When my son asked me at dinner a few nights ago why my friend Alaina and I stopped being friends, it momentarily stirred up a bushel of hurt and old feelings of inadequacy. It also got me thinking about adult friendships. New research shows that friendships don’t simply make life more enjoyable; they literally make our lives healthier and longer.
So, as adults how do friendships form, what makes adult friendships last, and why do they sometimes fade away when no particular incident stands out as the cause of disintegration?
Specifically, my son asked, “Did you stop being friends because they didn’t invite us to their party?” Naturally, I knew exactly what he was talking about and while that moment did not end that friendship, it caused me pain and certainly served as a mile-marker on the way toward the end of the line. In truth, I still care about Alaina and her family. I still feel sad that what I believed was a lifelong friendship got relegated to the status of “someone I used to know” while someone else took my place. Thankfully, hindsight, maturity, and a bit of self-confidence allowed me to understand that my friend didn’t actually choose another person over me and that I am not inherently unlikable. Now I see that my friend (and her husband) chose a different set of shared values and interests. And sadly, I think she chose easy over hard. At the time our friendship began to fade, I had gone through a very rough patch of postpartum depression that left me changed. That challenging period revealed the damage done by old wounds. Despite my efforts to conceal it, that pain made Alaina uncomfortable and we began spending less time together. Simultaneously, a new friend with more mirth in her heart, a shared love of the beach and lake, and similar political and social values came in to fill the game. Soon, my friendship with Alaina withered from neglect on both our parts. Meanwhile, I, too, discovered new friendships that sprouted, blossomed, and continue to flourish today.

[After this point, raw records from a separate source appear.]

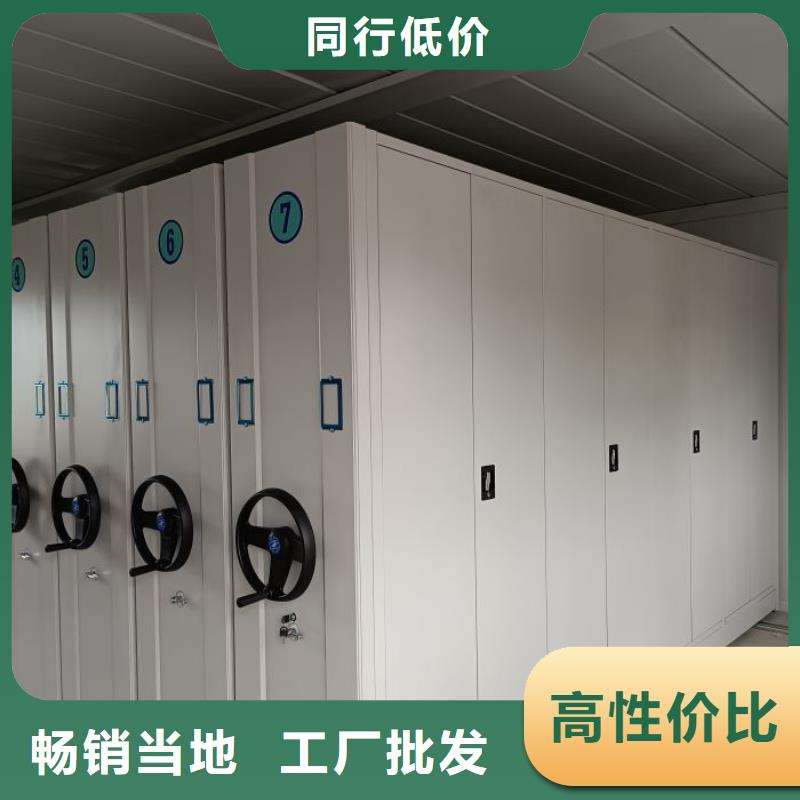 厂家批量供应凭证移动密集架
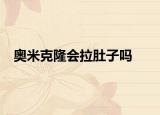 奧米克隆會(huì)拉肚子嗎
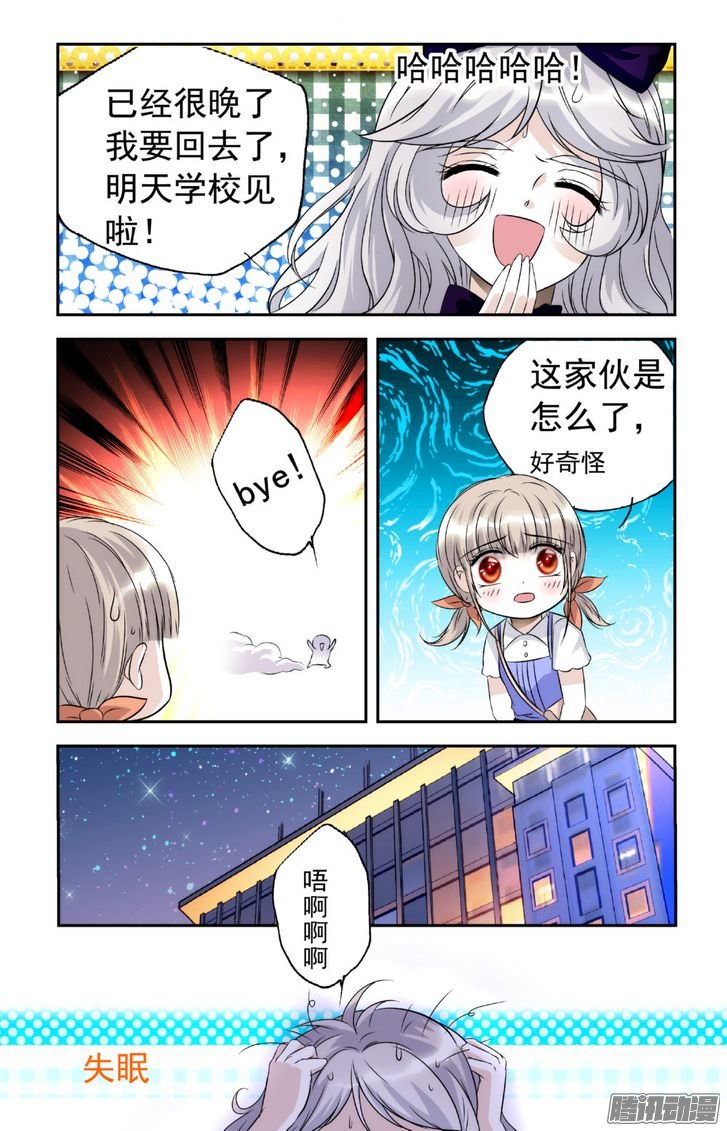 《青柠之夏》漫画 022话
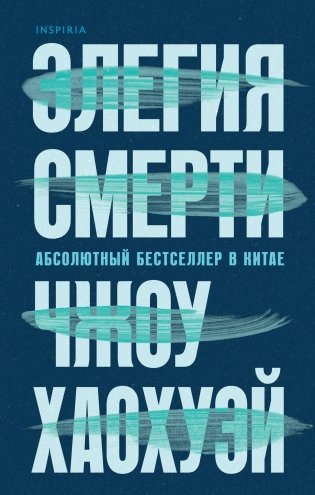 Элегия смерти фото книги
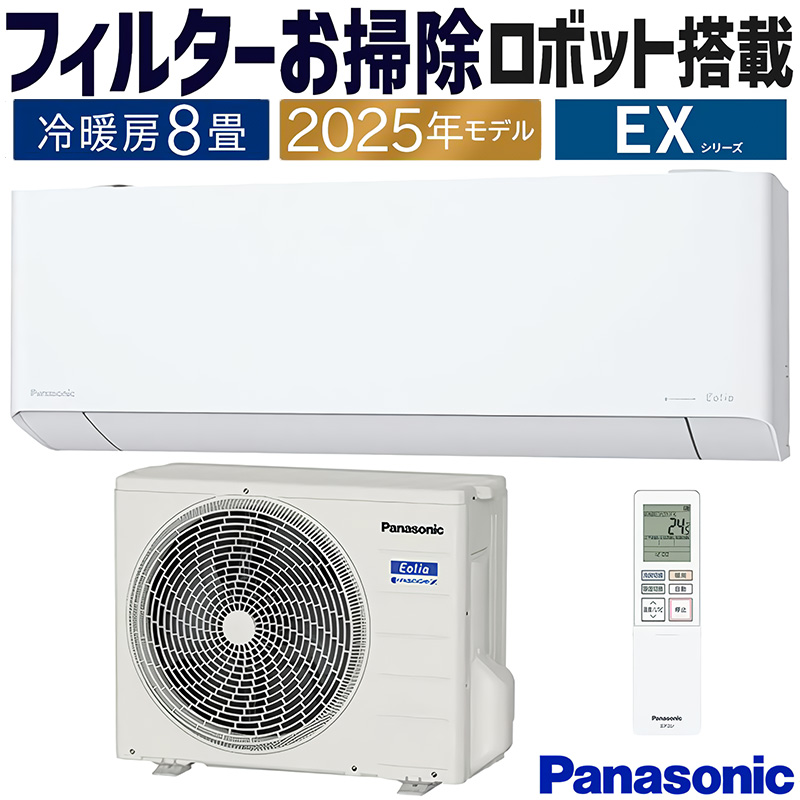 エオリア エアコン 主に8畳 パナソニック 2025年モデル EXシリーズ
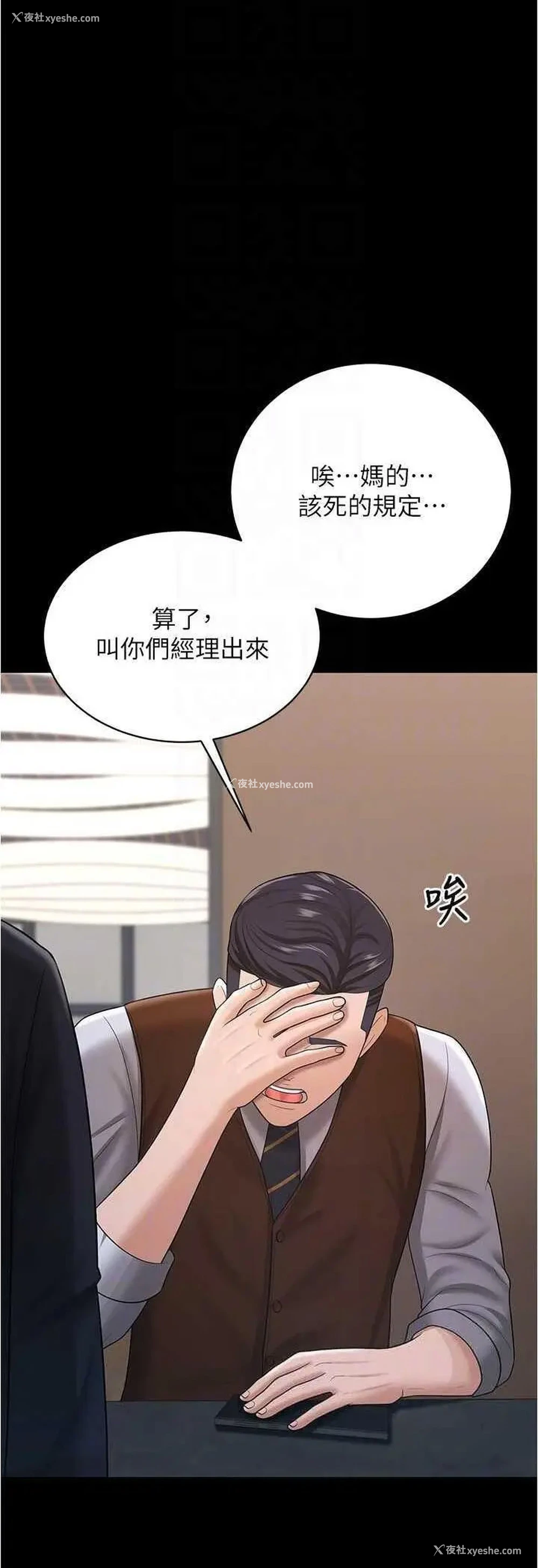 39P - 你老婆我收下了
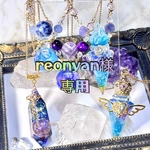 【専用】reonyan様　作品4点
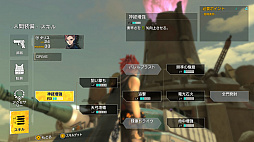 ꡼ No.002 | ֥᥿ޥå  ܡסĥ꡼Ρֿƥפȡ֥᥿ޥåºספ³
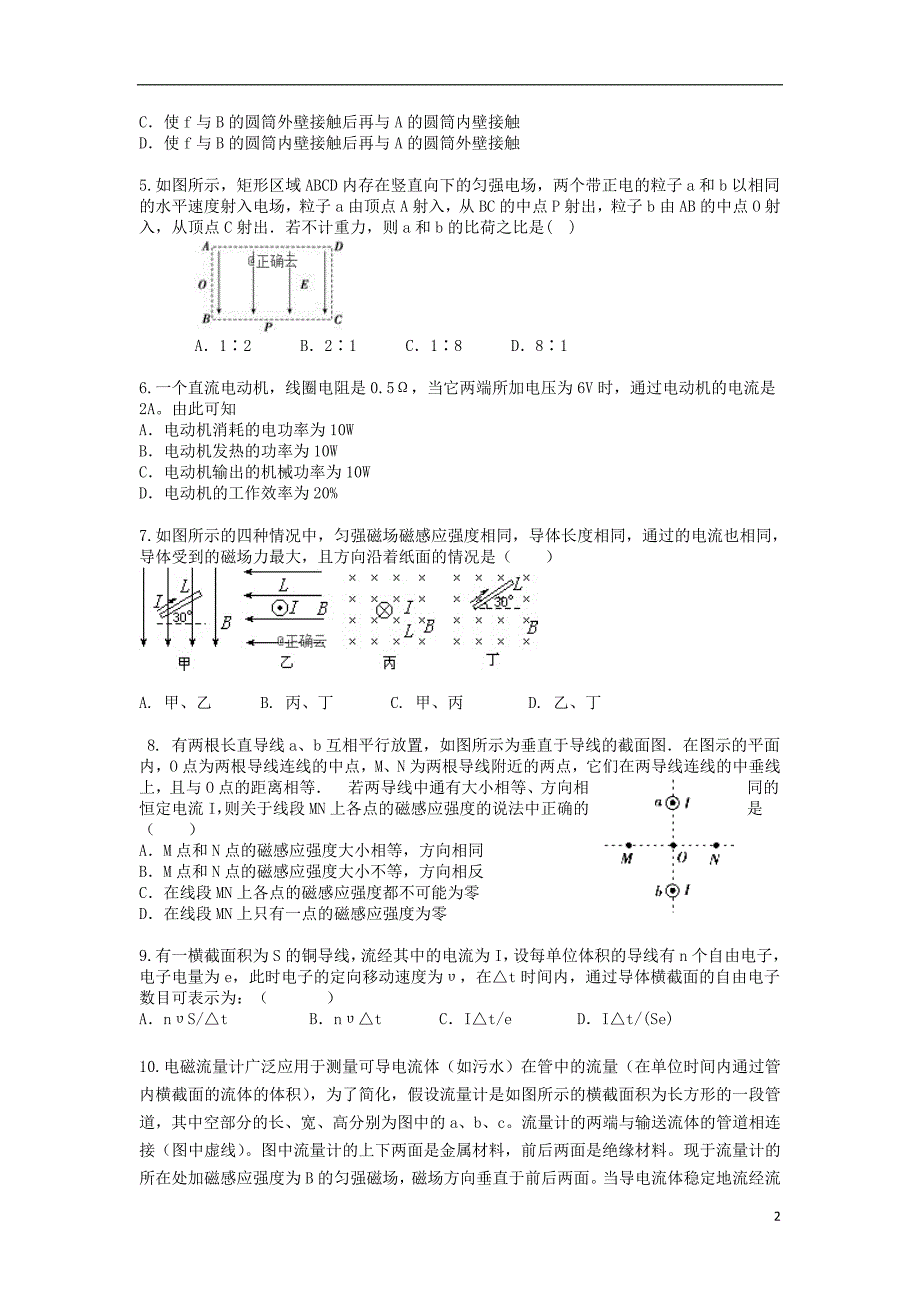 山西朔州怀仁某校高二物理第一次月考1.doc_第2页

So…how can we prevent a friendship from drying up on the vine? As adults can we seed new friendships and help them grow or is it sheer dumb luck?
Not surprisingly, science has answers. Two studies released over the last few years actually quantify both the number of friends the human brain can cognitively manage as well as what it takes for those friendships to form and thrive.
In 2011, Dr. Robin Dunbar, an evolutionary psychologist and anthropologist from Oxford University, first posited that human beings can only cognitively manage 150 relationships – in spite of what your Facebook friends list tells you. Dunbar found inspiration, in part, in the work of GORE-TEX founder, Bill Gore. Gore, who started his textiles company in his home, discovered that once his factory exceeded 150 workers, it lost the personal connections that inspired dedication and allowed employees to work collaboratively. So, he opened a new factory and when that hit 150 employees, he opened another one and so on, with each facility maximizing efficient production.
Dunbar explored this idea and expanded on the notion so thoroughly that today the theory that humans can realistically only manage 150 relationships remains known as Dunbar’s Number.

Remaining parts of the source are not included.